This is nice work! I’m most interested in this for reinitializing dead features. I expect you could reinit by datapoints the model is currently worse at predicting over N batches or something.
I don’t think we’re bottlenecked on compute here actually.
If dictionaries applied to real models gets to ~0 reconstruction cost, we can pay the compute cost to train lots of them for lots of models and open source them for others to studies.
I believe doing awesome work with sparse autoencoders (eg finding truth direction, understanding RLHF) will convince others to work on it as well, including lowering the compute cost. I predict that convincing 100 people to work on this 1 month sooner would be more impactful than lowering compute cost (though again, this work is also quite useful for reinitialization!)
I’m pretty concerned about the compute scaling of autoencoders to real models. I predict the scaling of the data needed and of the amount of features is super linear in d_model, which seems to scale badly to a frontier model
This doesn’t engage w/ (2) - doing awesome work to attract more researchers to this agenda is counterfactually more useful than directly working on lowering the compute cost now (since others, or yourself, can work on that compute bottleneck later).
Though honestly, if the results ended up in a ~2x speedup, that’d be quite useful for faster feedback loops for myself.
Yeah, I agree that doing work that gets other people excited about sparse autoencoders is arguably more impactful than marginal compute savings, I’m just arguing that compute savings do matter.
Thanks Logan, 1) About re-initialization: I think your idea of re-initializing dead features of the sparse dictionary with the input data the model struggle reconstructing could work. It seems a great idea! This probably imply extracting rare features vectors out of such datapoints before using them for initialization.
I intuitively suspect that the datapoints the model is bad at predicting contain rare features and potentially common rare features. Therefore I would bet on performing some rare feature extraction out of batches of poorly reconstructed input data, instead of using directly the one with the worst reconstruction loss. (But may be this is what you already had in mind?)
2) About not being compute bottlenecked: I am a bit cautious about how well sparse autoencoders methods would scale to very high dimensionality. If the “scaling factor” estimated (with a very low confidence) in the original work is correct, then compute could become a thing.

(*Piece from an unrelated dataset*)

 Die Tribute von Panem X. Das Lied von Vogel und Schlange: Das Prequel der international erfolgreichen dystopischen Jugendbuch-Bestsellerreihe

“Here we found very weak, tentative evidence that, for a model of size dmodel=256, the number of features in superposition was over 100,000. This is a large scaling factor, and it’s only a lower bound. If the estimated scaling factor is approximately correct (and, we emphasize, we’re not at all confident in that result yet) or if it gets larger, then this method of feature extraction is going to be very costly to scale to the largest models – possibly more costly than training the models themselves.”
However: - we need more evidences of this (or may be I have missed an important update about this!) - may be I’m asking too much out of it: my concerns about scaling relate to being able to recover most of the superposed features; but improving the understanding, even if it is not complete, is already a victory.
Therefore I would bet on performing some rare feature extraction out of batches of poorly reconstructed input data, instead of using directly the one with the worst reconstruction loss. (But may be this is what you already had in mind?)
Oh no, my idea was to do the top-sorted worse reconstructed datapoints when re-initializing (or alternatively, worse perplexity when run through the full model). Since we’ll likely be re-initializing many dead features at a time, this might pick up on the same feature multiple times.
Would you cluster & then sample uniformly from the worst-k-reconstructed clusters?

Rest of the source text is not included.